I had the same problem with emails.. Change ISP, and you have to change email accounts. Similar problem ,as your correspondance and cards all have to change. You also have to alert everybody that olduser@oldisp.com is now gone. Pretty much a pain in the ass.
/.ing ). My IP's can change ill it wants, I can simply use an auto-update daemon.
Well now, I purchased my own domain name and I run my own mail server. If somebody wants to email me, they aim it at user@mydomainname.com (my domain hidden to protect from
What I'm saying, is have the similar sort of dial-setup. You can either buy a phone redirection circuit, or if there's dealers out there, buy a redirection phone number.
Old style=
Caller => You
New style=
Caller => Redirection service => wherever you specify
My plan's sort of like DNS for phones.
Er, yes your honour each customer who intends to keep his number due to crapp^H^H^H^H^H reasons, which we really don't understand will cost us 2$37.
Lawyers for the CTIA and Verizon Wireless claim the rule is unnecessary because competition for the nation's 144 million wireless subscribers remains robust.
Yes guvernor, we spent 230'000'000$ annually for lawyers and lobbying in order to fuck^H^H^H^H provide for better customer service...
ich bin der musikant
mit taschenrechner in der hand
kraftwerk
Just think - the ability to keep numbers allows anyone to switch to the cheapest price plan du jour, until the price war bottoms out. Then what? Maybe certain companies (anyone? anyone? ) would have to stop competing on pure price and actually start to offer services valuable to customers, such as the ability to make and receive calls reliably.. the horror! (in fact, the telcos could even realize that if thousands of people in a certain area code are ditching, then perhaps it's time to buy a few more towers there?)

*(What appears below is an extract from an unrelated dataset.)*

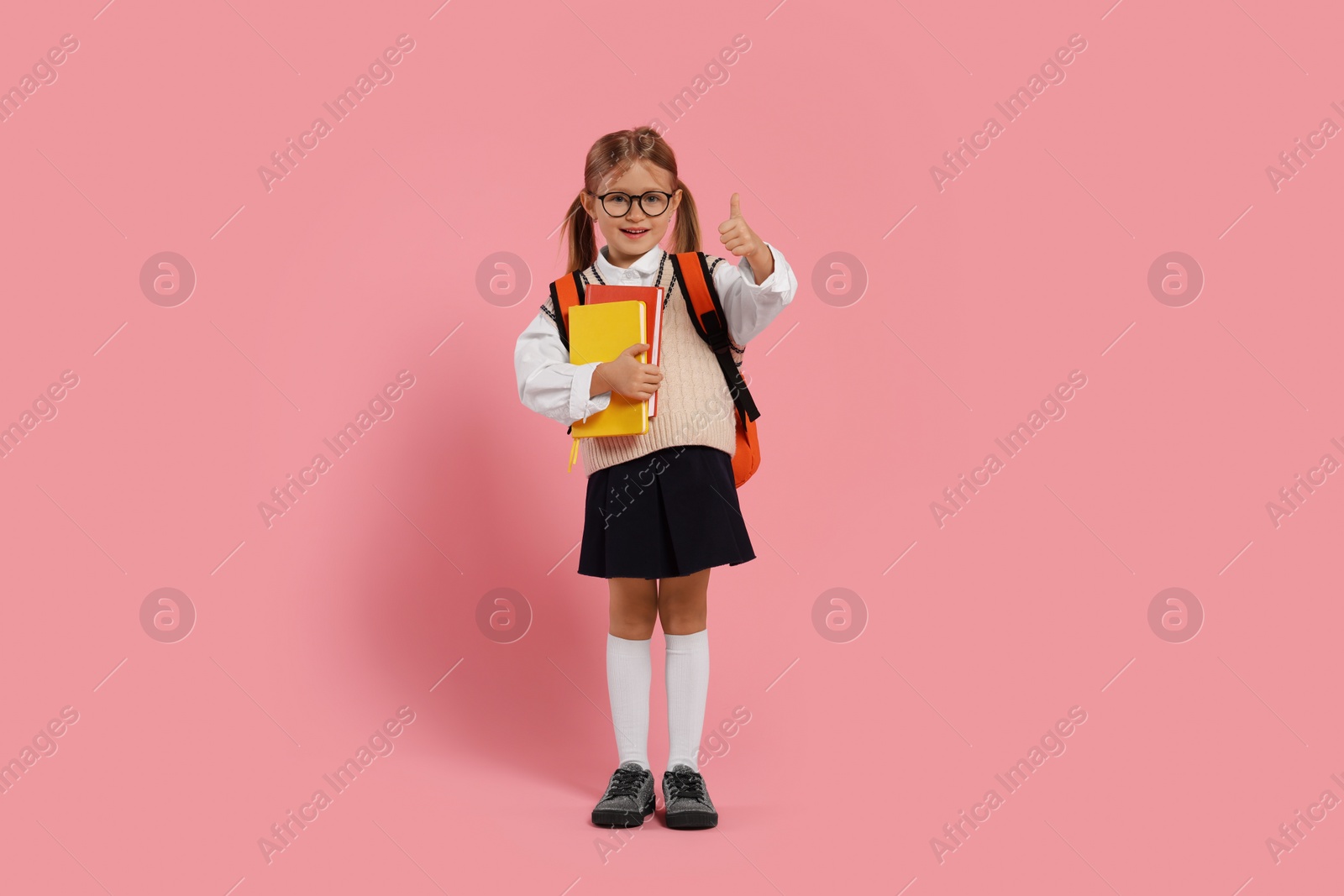 Photo of Happy schoolgirl in glasses with backpack and books showing thumb up gesture on pink background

never underestimate the powers of condescension - It knows not the bounds of time or space
In Hong Kong, they have had it since the beginning.
The country code is +852, and mobile phone numbers always start with either 9 or 6. All the numbers are governed centrally in a pool by a regulatory body.
When you subscribe to a network, you would pay a surchange to the regulatory body for the "number", and then it belongs to the network you are subscribed to. When you change networks, you keep your old number but you have to pay about US$10 to the regulatory body to change your information.
In this way, there is better competition between operators (there are 7 in this small country!!), and the users are not bound in anyway to an operator that offers shitty service.
There is a flip-side, however. Here SMS'es between networks are charged at about USD 0.20, but SMS'es in the same network are charged USD 0.10. There is no way of determining whether your receipient is in the same network! Even if you know, they might have changed their mobile network...
Also, with MMS coming up, it gives additional problems if you do not know which network your receipient is in. But the networks are opening their MMS services for inter-network sending soon, so it would be solved (just like SMS'es).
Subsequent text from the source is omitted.